The current study was conducted in a province in the Mediterranean region of Turkey, and the generalizability of its results is limited. Besides, all the research participants were Muslim, and the results could not be compared to those with different religious beliefs. In addition, since there are no studies in the literature revealing the relationship between religious coping strategies and depression, anxiety and stress levels of pregnant women during the COVID-19 pandemic period, the current study was discussed with similar studies conducted before the pandemic.

Conclusions

Infectious diseases, isolation, social distance, and extreme daily life changes may increase pregnant women's vulnerability to psychiatric disorders such as depression, anxiety, and stress and make it difficult to cope with them. In this study, 74.6% of the pregnant women were worried about their health, whereas 85.9% had concerns about the fetus' health during the COVID-19. It was found that 19.9% of the pregnant women had extremely severe depression, 97.9% had extremely severe anxiety, and 52.3% had severe stress symptoms. The pregnant women who were worried about their health during the COVID-19 pandemic were observed to show more positive religious coping than those who were not concerned. Besides, the pregnant women who were not worried about the fetus’ health during the COVID-19 pandemic were detected to have more negative religious coping than those concerned. This finding also supports that prenatal care provided by healthcare professionals positively affects mothers' mood and fetus' health; however, spiritual care along with prenatal care can be more assistive for the mother's and fetus' health. A weak positive correlation was observed between positive religious coping and depression and a very weak negative correlation between negative religious coping and depression in the study.
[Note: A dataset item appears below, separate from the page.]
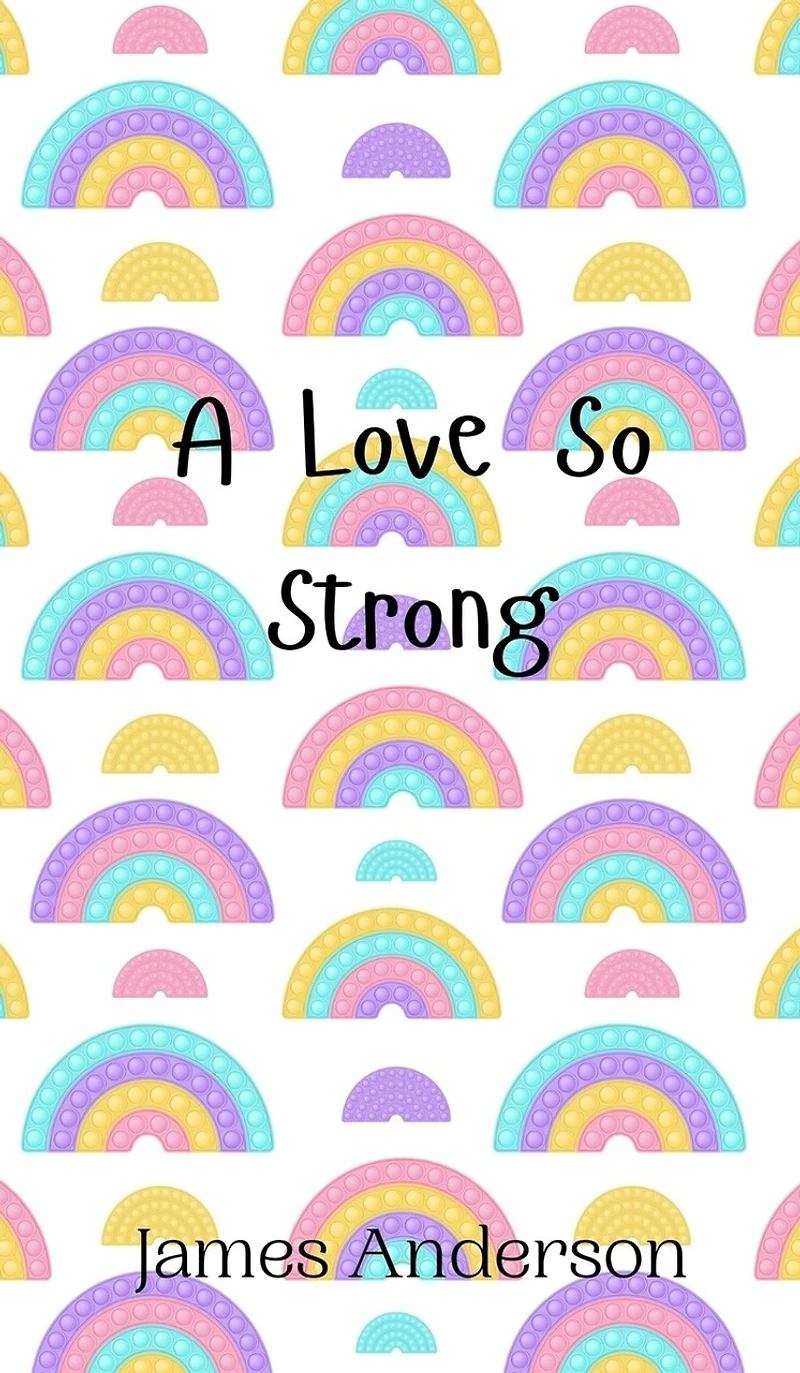 A Love So Strong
In light of these results, it is recommended that nurses working in the gynecology departments should communicate with pregnant women before birth, conduct psychosocial evaluations, and provide online training and counseling more sensitively during this pandemic process. Further studies can expand the knowledge of the psychological implications of COVID-19 on women in the perinatal period and broadly examine, for example, differences between countries, religions, the women's support systems' role, and the possible consequences of the postpartum period.